What does ulimit -a have to say? How about getconf PTHREAD_THREADS_MAX? Also cat /proc/sys/kernel/threads-max and cat /proc/sys/kernel/pid_max?

Host:

root@scaleway:/var/log# ulimit -a
real-time non-blocking time  (microseconds, -R) unlimited
core file size              (blocks, -c) 0
data seg size               (kbytes, -d) unlimited
scheduling priority                 (-e) 0
file size                   (blocks, -f) unlimited
pending signals                     (-i) 7601
max locked memory           (kbytes, -l) 251168
max memory size             (kbytes, -m) unlimited
open files                          (-n) 1024
pipe size                (512 bytes, -p) 8
POSIX message queues         (bytes, -q) 819200
real-time priority                  (-r) 0
stack size                  (kbytes, -s) 8192
cpu time                   (seconds, -t) unlimited
max user processes                  (-u) 7601
virtual memory              (kbytes, -v) unlimited
file locks                          (-x) unlimited
root@scaleway:/var/log# getconf PTHREAD_THREADS_MAX
undefined
root@scaleway:/var/log# cat /proc/sys/kernel/threads-max
15203
root@scaleway:/var/log# cat /proc/sys/kernel/pid_max
4194304

Container:

root@scaleway:/var/log# docker run -it --rm swift:5.7 bash
root@9ee5b9851daf:/# getconf PTHREAD_THREADS_MAX
undefined
root@9ee5b9851daf:/# ulimit -a
real-time non-blocking time  (microseconds, -R) unlimited
core file size              (blocks, -c) unlimited
data seg size               (kbytes, -d) unlimited
scheduling priority                 (-e) 0
file size                   (blocks, -f) unlimited
pending signals                     (-i) 7601
max locked memory           (kbytes, -l) 8192
max memory size             (kbytes, -m) unlimited
open files                          (-n) 1048576
pipe size                (512 bytes, -p) 8
POSIX message queues         (bytes, -q) 819200
real-time priority                  (-r) 0
stack size                  (kbytes, -s) 8192
cpu time                   (seconds, -t) unlimited
max user processes                  (-u) unlimited
virtual memory              (kbytes, -v) unlimited
file locks                          (-x) unlimited
root@9ee5b9851daf:/# cat /proc/sys/kernel/threads-max
15203
root@9ee5b9851daf:/# cat /proc/sys/kernel/pid_max
4194304

The host does have a process limit set, but presumably ps -e | wc -l on the host says something much less than 7,601?
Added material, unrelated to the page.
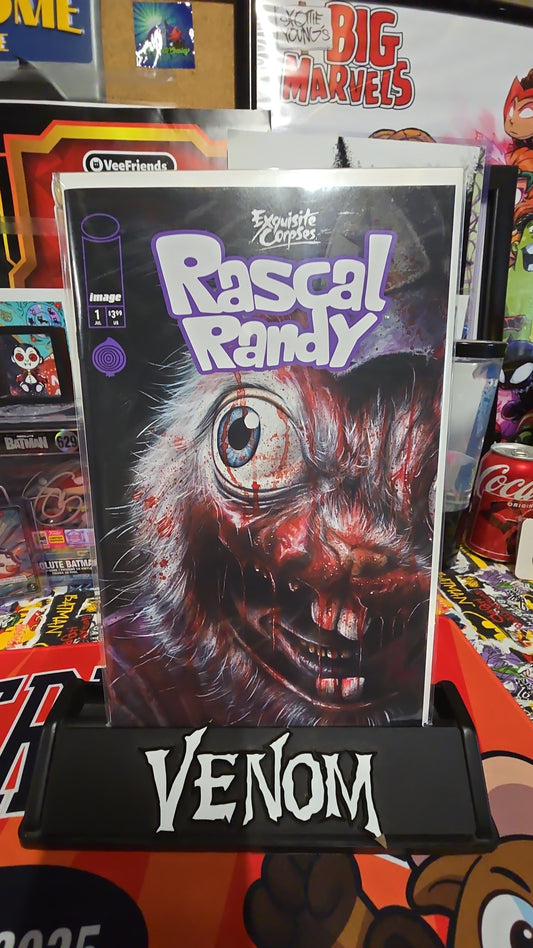 Rascal Randy #1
163, also shown in the top output above. I don't think it is a specific constraint, given that Swift 5.6 does run just fine.
I've also tried to find something in a log file, but couldn't so far.
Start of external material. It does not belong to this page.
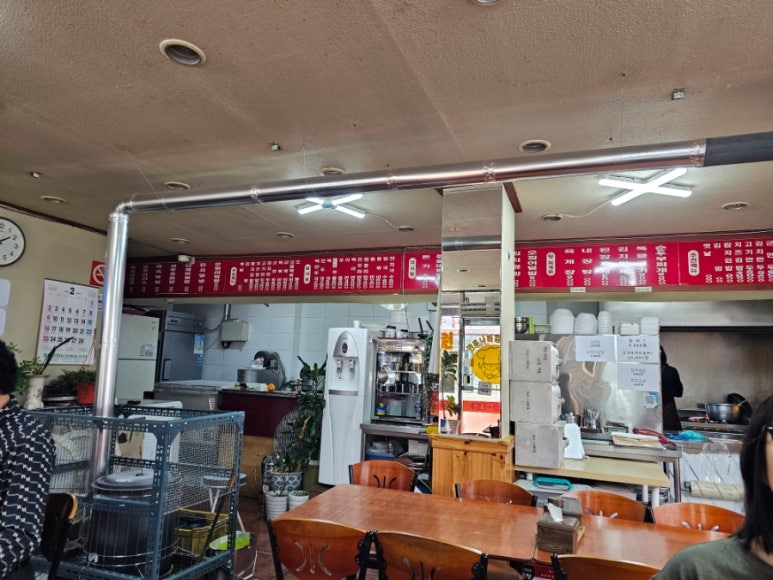 만두나라김밥마을 이미지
I'll have to leave for today, maybe I could fire up a container somehow and give you SSH access if you want to explore it further.
The other thing I could try is see whether I can fire up a fresh Scaleway 2-CPU and check whether it has the same issue (this one is years old and upgraded forwards, I even did the upgrade to Noble just to see whether that would fix the issue).
Given that 2-CPU works for Sven on Xeon's, maybe it is some weird AMD EPIC vs Xeon difference?